I felt myself beginning to gag again. “What?” I managed to choke out.
“We can’t print AutoCAD,” he repeated.  “You’ll have to save it as something else.”
I looked around the place, as if expecting someone to pop out with a camcorder and announce I was on some sort of hidden camera show.
“You can’t? Are you sure?”
“We can’t print AutoCAD.” The man repeated, like a parrot.
  I looked around; there wasn’t another person in sight. I glanced at my watch. Half past two. I’d never make it back in time to meet my girlfriend now. My mind searched for someone, ANYONE I knew that had a car that I could have called to pick me up, but I knew that most everyone was still in class. A taxi ride all the way back to campus would cost a fortune… I suddenly wished I had searched harder for that duffel bag full of money. Before I realized it, I had turned around and was walking back the way I’d come on Main Street. I had already crossed the metal bridge over the railroad tracks when it settled on me just how far I’d come for nothing. I was mad, but madder at myself than I was at the nerd that worked in the copy shop. I could have driven down here, but I was too cheap to buy gas. If only I’d looked harder for that money…
           
            As I walked, I stuck my thumb out at one side, not really expecting anyone to stop and pick me up. I was mostly curious to see if anyone would actually offer to give me a ride. A Mercedes Benz sped by me; okay, I could understand that person not picking me up. I mean I could go into alcoholic fits and vomit all over his expensive interior, for all he knew. A blue Ford Windstar, early nineties model, buzzed by, followed almost immediately by a maroon-colored van of the same make and model. Oh come on! I thought.
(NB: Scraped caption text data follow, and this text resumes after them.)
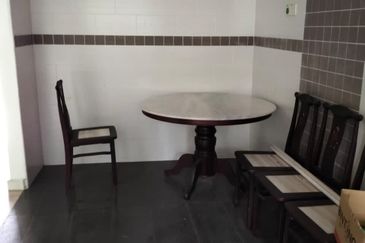 FREEHOLD RENOVATED & EXTEND Double Storey nr Senawang Seremban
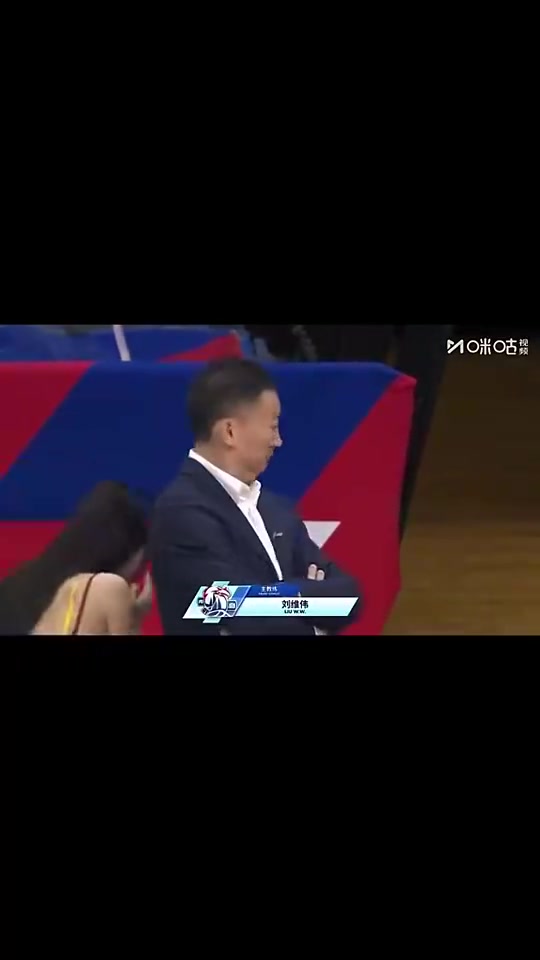 蹭到！刘维伟晒啦啦队美女“碰瓷”：4万块洗一下西装 谁让牌子封面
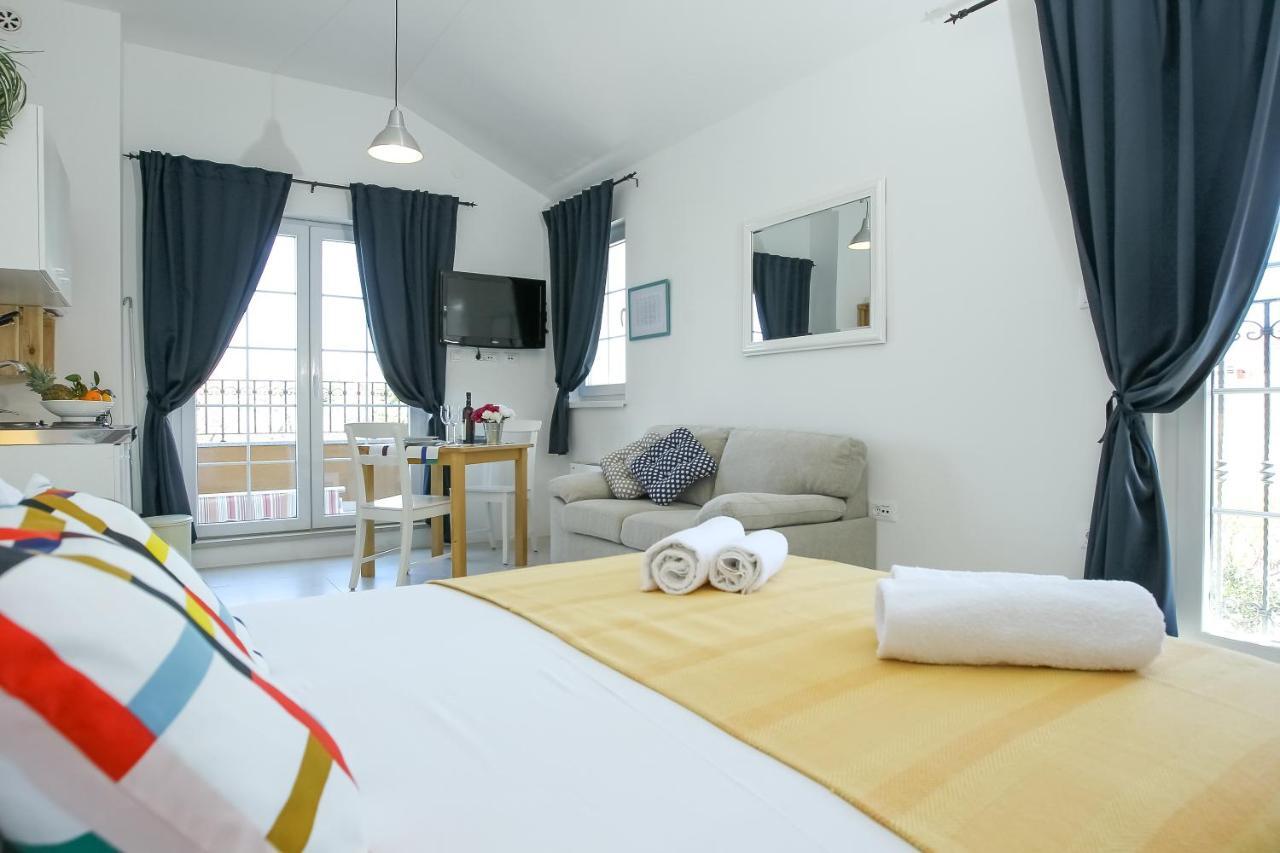 Rougemarin Apartments Biograd Na Moru Esterno foto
Yeah, the clean-cut, blonde-headed college kid wearing the poster tube is too dangerous to pick up! Thanks a lot. I mean, it’s not like I look like a serial killer. I was suddenly reminded of that scene from the Addam’s Family movie, at the end when Wednesday Addams says, “I’m dressed as a serial killer. They look just like everybody else.” That thought made me smile a little.
There was some motion ahead of me; I’d returned to the land of the stone-walled cemetery and the ranch-style American dream. A tall man, had to be over six feet, was fiddling with something on his porch. He wore brown corduroy pants and a sweater that looked a few sizes too big for him, and his braided hair was topped with a brown derby that matched his pants. It was one of those hats that I’d always half thought about buying, but always thought that it would ridiculous on me. He now stood straight up and carried his bicycle built for two to the sidewalk, just a few yards in front of me. He lifted one leg and sat on the front seat.
Before I knew what I was doing, I’d taken a deep breath and swallowed what little pride I had managed to save from my experiences that day.
“Hey! Hey, man!” I shouted, and he turned around curiously. “Ya need someone to pedal the back of that thing?”